SCIBEK, Jacek1, BARNETT, Wayne1, BLOEM, Anton1 and MAYER, John2, (1)SRK Consulting (Canada) Inc, 22nd Floor, 1066 West Hastings Street, Vancouver, BC V6E 3X2, Canada, (2)Department of Earth Sciences, Simon Fraser University, 8888 University Drive, Burnaby, BC V5A 1S6, Canada,

The hydrogeological characteristics of fault zones can be observed at mining sites, tunnels, and other rock engineering excavations. This is because excavations in rock induce abnormally high hydraulic gradients, the effects of which are then observed as hydraulic head distributions at and near the excavations and water inflows along damage zones associated with faults and broken ground. The conduit/barrier nature of faults is often interpreted, but rarely quantified from these observations. There are large data sets, mostly unpublished, from mines and mineral exploration drilling which include fault zone descriptions of various kinds, such as excavation outcrop mappings, geologic and geotechnical core logs, geophysical imaging and hydrogeological test results. These data indicate that the correlation of fracture frequency and other discontinuity data with hydraulic conductivity (or transmissivity) of fault zones or fracture zones is usually weak – with some exceptions. By merging the published knowledge from civil engineering projects, we believe that significant improvements can be made in the understanding of the hydro-geology of faults in the mining sector.

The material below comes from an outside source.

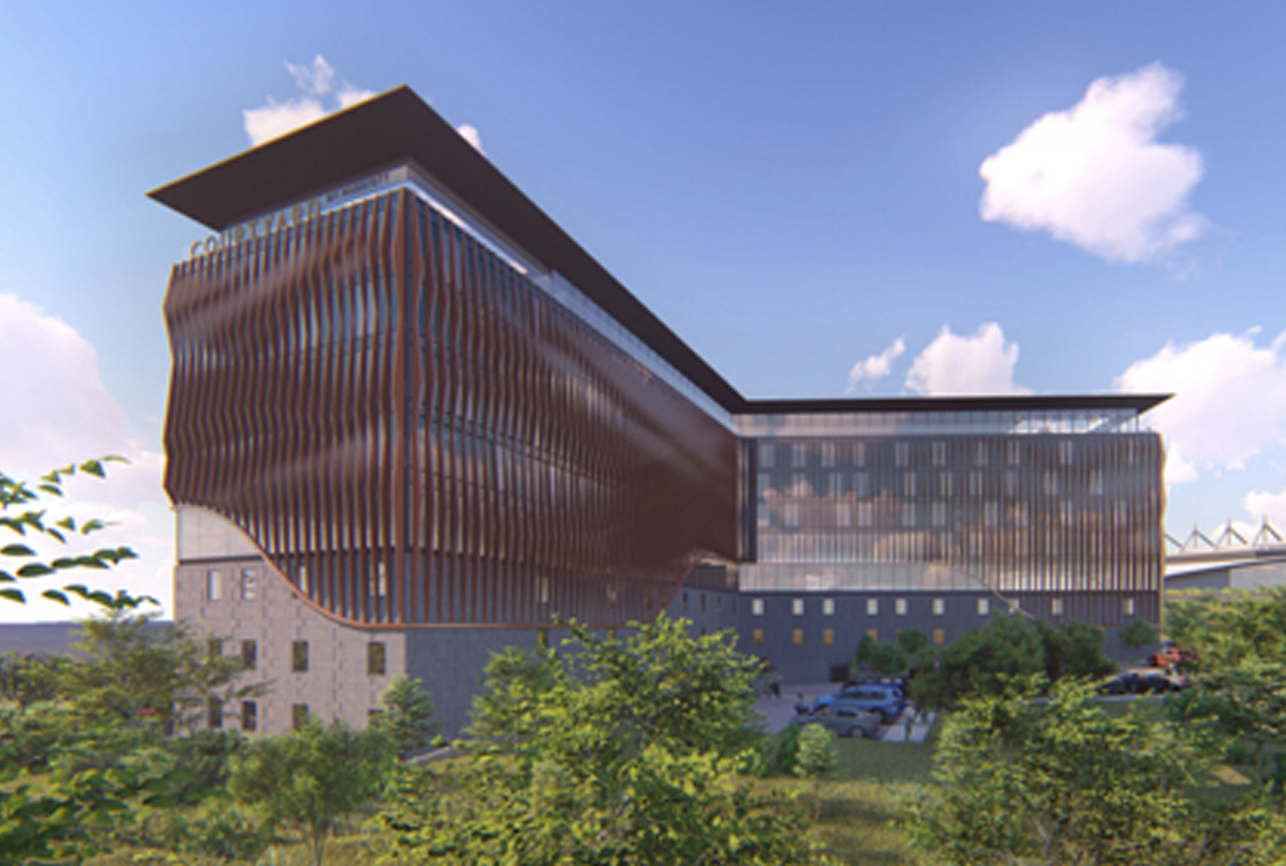 Project image for the Courtyard by Marriott - Sandy Park development in Exeter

To clarify the objectives and data required for a quantitative analysis of the hydrogeology of faults we present a review of published knowledge and a meta-analysis of data from selected excavation project sites. Unfortunately most studies lack data at all required scales of the project, and conceptual models are built using assumptions around the limited-scale data and applied to the entire project. We use our data to explore these assumptions. In particular, we comment on the usefulness of various data sets (typically collected during mining exploration and design studies) such as fracture counts, fracture properties, geomechanical properties, in the context of other factors that influence conductivity, such as stress variations, structural patterns/geometry, structural continuity and fault properties. We show that there are different hydrogeological responses to rock mass characteristics and structural styles.